If we look at how we arrived at this problem, we will recognise the role played by the investment system in how it directs its (our) capital. It has propelled the juggernaut of development across the world following the industrial revolution and the invention of financial markets. Free-market capitalism has brought us many things in the name of profits and “progress”. Sadly one of the things it has also brought is much environmental degradation, of which climate change represents the apex. Within the investment system profit and share price are king, which usually means that the environmental damage resulting from the actions of business is not factored in, with “Corporate Social Responsibility” often acting as a hollow smokescreen.
These "Externalities", those outputs which remain unaccounted for, are the Achilles heel of the free-market system. While giving carbon a correct price might incentivise radical innovation, it is unlikely to happen anytime soon. According to Dimitri Zenghelis, one of the authors of the Stern Review, at least $40 a tonne would be a fair valuationii, with the International Energy Agency saying at least $50, later rising to over $100.
Short of a worldwide revolution, we have to devise a method to enable the freemarket system to achieve a different result. An idea which incorporates subtle environmental pricing into the existing free-market framework of the financial system, which would damage a company’s share price if it pursued an environmentally detrimental course, might just, with your support, enable a solution to this predicament.

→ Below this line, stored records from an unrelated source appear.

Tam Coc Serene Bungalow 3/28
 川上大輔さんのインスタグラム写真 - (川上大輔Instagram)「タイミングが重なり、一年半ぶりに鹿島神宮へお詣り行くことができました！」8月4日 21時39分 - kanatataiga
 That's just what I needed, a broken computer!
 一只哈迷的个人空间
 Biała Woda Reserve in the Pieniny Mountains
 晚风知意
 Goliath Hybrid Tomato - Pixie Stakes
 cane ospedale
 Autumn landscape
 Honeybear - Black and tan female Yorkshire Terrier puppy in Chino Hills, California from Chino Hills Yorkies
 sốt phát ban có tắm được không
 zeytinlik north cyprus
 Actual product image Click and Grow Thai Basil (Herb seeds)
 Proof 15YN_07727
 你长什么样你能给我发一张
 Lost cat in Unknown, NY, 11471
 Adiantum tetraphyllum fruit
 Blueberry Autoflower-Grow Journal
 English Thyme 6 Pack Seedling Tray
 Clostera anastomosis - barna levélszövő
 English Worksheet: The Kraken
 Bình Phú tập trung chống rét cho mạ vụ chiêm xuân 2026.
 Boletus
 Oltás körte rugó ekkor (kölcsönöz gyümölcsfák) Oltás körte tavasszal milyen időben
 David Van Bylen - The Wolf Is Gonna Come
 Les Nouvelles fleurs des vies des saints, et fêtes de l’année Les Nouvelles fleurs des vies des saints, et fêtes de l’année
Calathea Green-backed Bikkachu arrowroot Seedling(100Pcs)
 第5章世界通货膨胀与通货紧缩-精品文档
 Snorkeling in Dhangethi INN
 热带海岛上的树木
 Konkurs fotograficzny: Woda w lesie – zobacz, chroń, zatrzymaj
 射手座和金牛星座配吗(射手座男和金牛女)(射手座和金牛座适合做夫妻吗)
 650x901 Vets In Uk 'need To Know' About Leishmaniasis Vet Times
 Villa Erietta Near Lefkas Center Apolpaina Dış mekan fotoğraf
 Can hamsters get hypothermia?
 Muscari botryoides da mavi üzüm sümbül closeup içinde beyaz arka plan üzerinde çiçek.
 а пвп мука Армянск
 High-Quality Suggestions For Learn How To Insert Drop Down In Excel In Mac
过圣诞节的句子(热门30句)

The concept of Environmental Tracking and its logical offshoot, an ET Carbon Index, is based on a clear view of the overriding urgency of solving the climate crisis in an emergency timescale. Not within 50 years, or 100, but 10. How does it propose to achieve such a radical result that seems far more optimistic than any current strategy on the table?
Environmental Tracking rests on four key principles:
Firstly, it places the focus and responsibility for this timescale firmly on the investment system and the organisations that administer it.
Secondly, it requires the Carbon Ranking of large companies by absolute GHG emissions across all Scopes (to be explained shortly) as the basis for weighting those companies in a range of global index funds.
Thirdly, it requires those absolute emission figures to be externally verified, and employs an incentive system within its index structure to reward those companies who verify emissions before those who do not.
Finally, it penalises companies who do not make comprehensive emissions data publicly available, this being the lynchpin of the ET Carbon Index system, by placing them in the bottom category of the index.
The logic of Environmental Tracking rests on a subtle re-balancing of the following key concepts: climate risk; investment risk; investment reward; and, economic incentive. All working at a global scale through the ubiquitous power of the global investment system.